The strength reduction (phi) factor is a resistance factor, and not exactly a factor of safety. Phi factors vary by member and what is being resisted (flexure, shear, torsion, bearing).

The resistance factor reflects material properties. It is multiplied with the computed resistance (strength) provided by the element to determine design (nominal) strength. (ACI 318 9.3)
The load factors are multiplied with code-required loads to determine minimum required strength for each load combination. (ACI 318 9.2)

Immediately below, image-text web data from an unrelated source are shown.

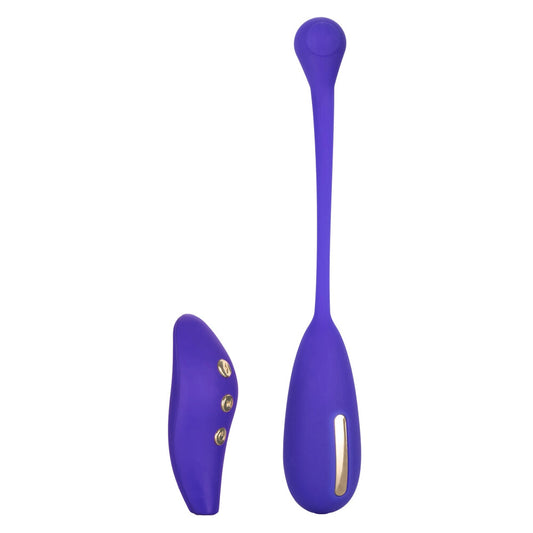 Purple kegel exerciser with remote.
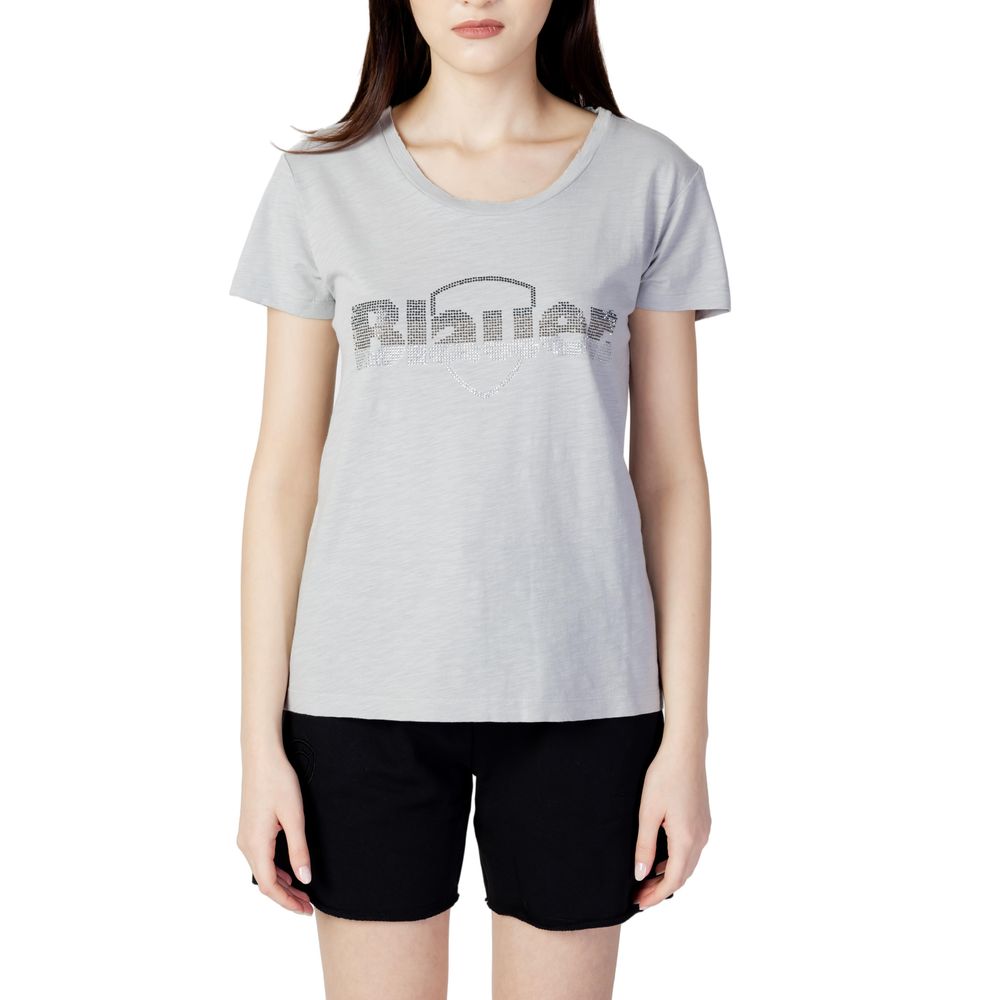 Top e T-shirt in cotone grigio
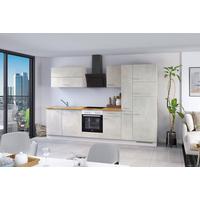 Küchenblock Ip1200 - Eichefarben/Hellgrau, Basics, Holzwerkstoff (310cm) - Impuls
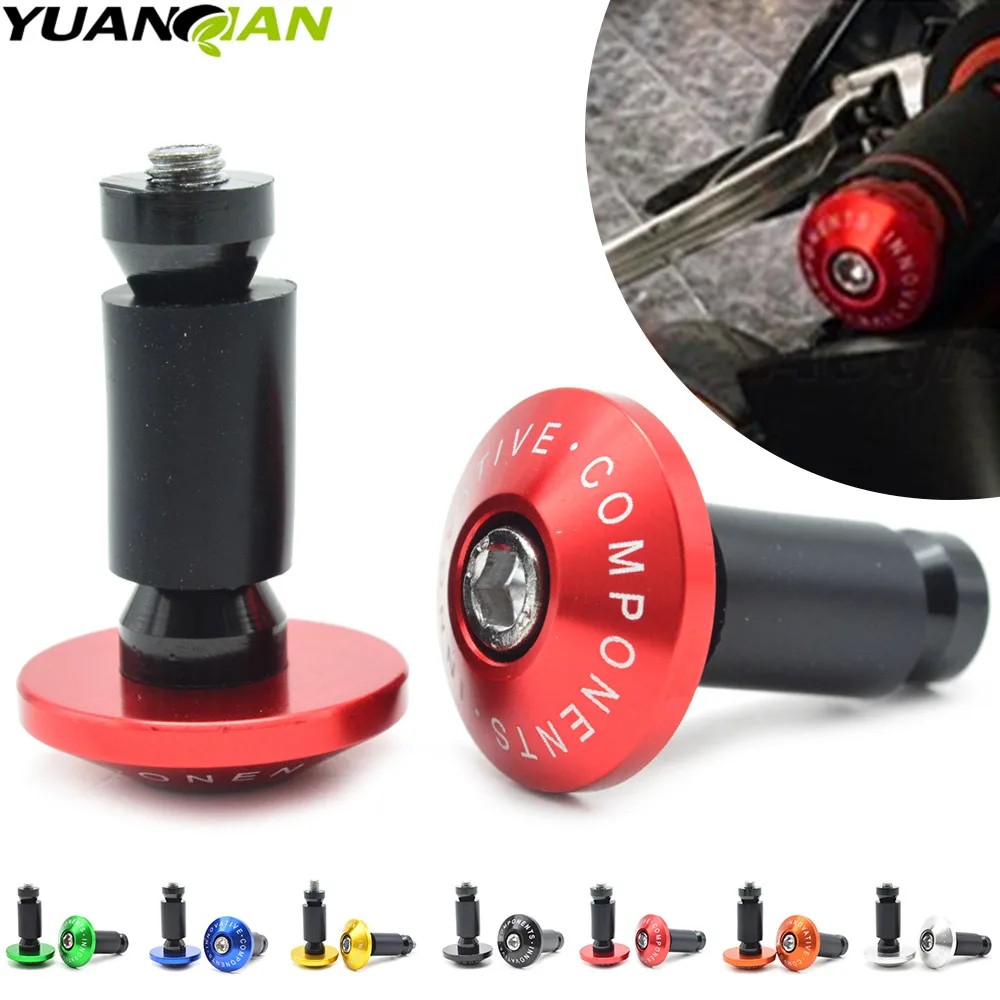 

7/8''22 motorcycle handlebar cap motocross handle bar grips ends for BMW yamaha tmax500 530 Kawasaki z800 z1000 250 ducati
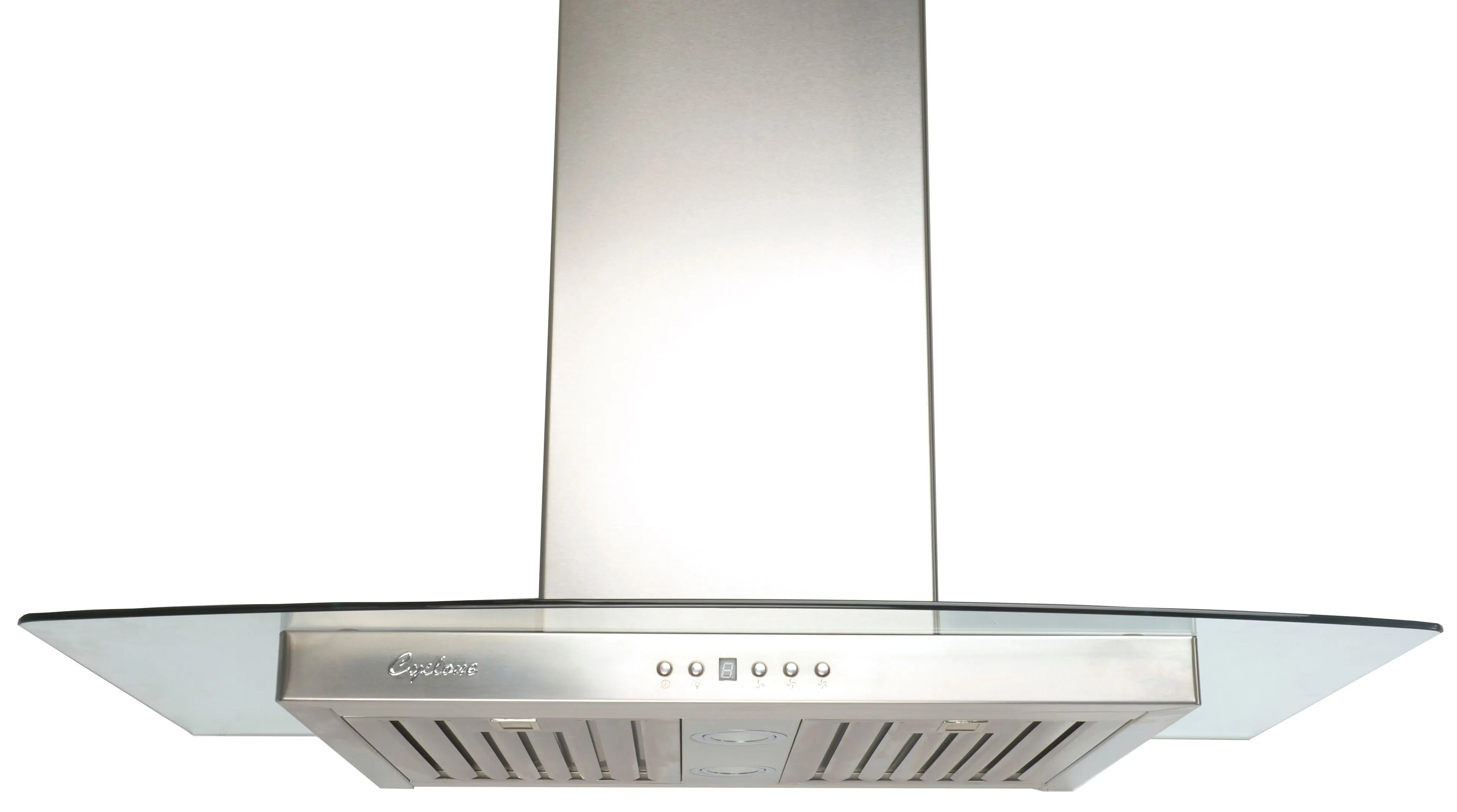 Cyclone - 35.5 Inch 550 CFM Wall Mount and Chimney Range Vent in Stainless - SCB50236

For example, a typical live load with a factor of 1.6, on a tension-controlled flexural section using phi=0.9, this translates to a live load FOS of 1.78 for flexure; for shear, the phi=0.75, giving a FOS of 2.13.
 
I'm sorry what I meant was Material Safety Factors...
 
As TXStructural correctly explained, the strength reduction factor does reflect variation in materials, along with other uncertainties.
 
chocomocha,

As explained, ACI does n ot use individual material factors like Eurocode or british codes. It uses an overall capacity reduction factor mto reflect the overall variation in all material properties. Because of this, different capacity reduction factors are used in different areas of design.

In The Material Factor logic, more variable materials (eg concrete) have much higher factors than less variable materials (eg steel). In EC2, concrete would ghave a factor of 1.5 and steel 1.15. So where steel dominates the capacity the factor is really mainly affected by the steel factor so is close to 1.15 overall (eg flexural tension). Where concrete dominates the capacity, the concrete factor has most effect (eg concrete in pure axial compression in a column interaction diagram).

For a Capacity Reduction Factor code like ACI, for pure bending in the interaction diagram, the factor is .9. For pure axial compression, it is .65 or .75.

The Material Factor code is much more seamless and logical but, as long as the Capacity Reduction Factor approach covers all options logically, they come out to similar results.
S
 
Thank you all... you are all of great help.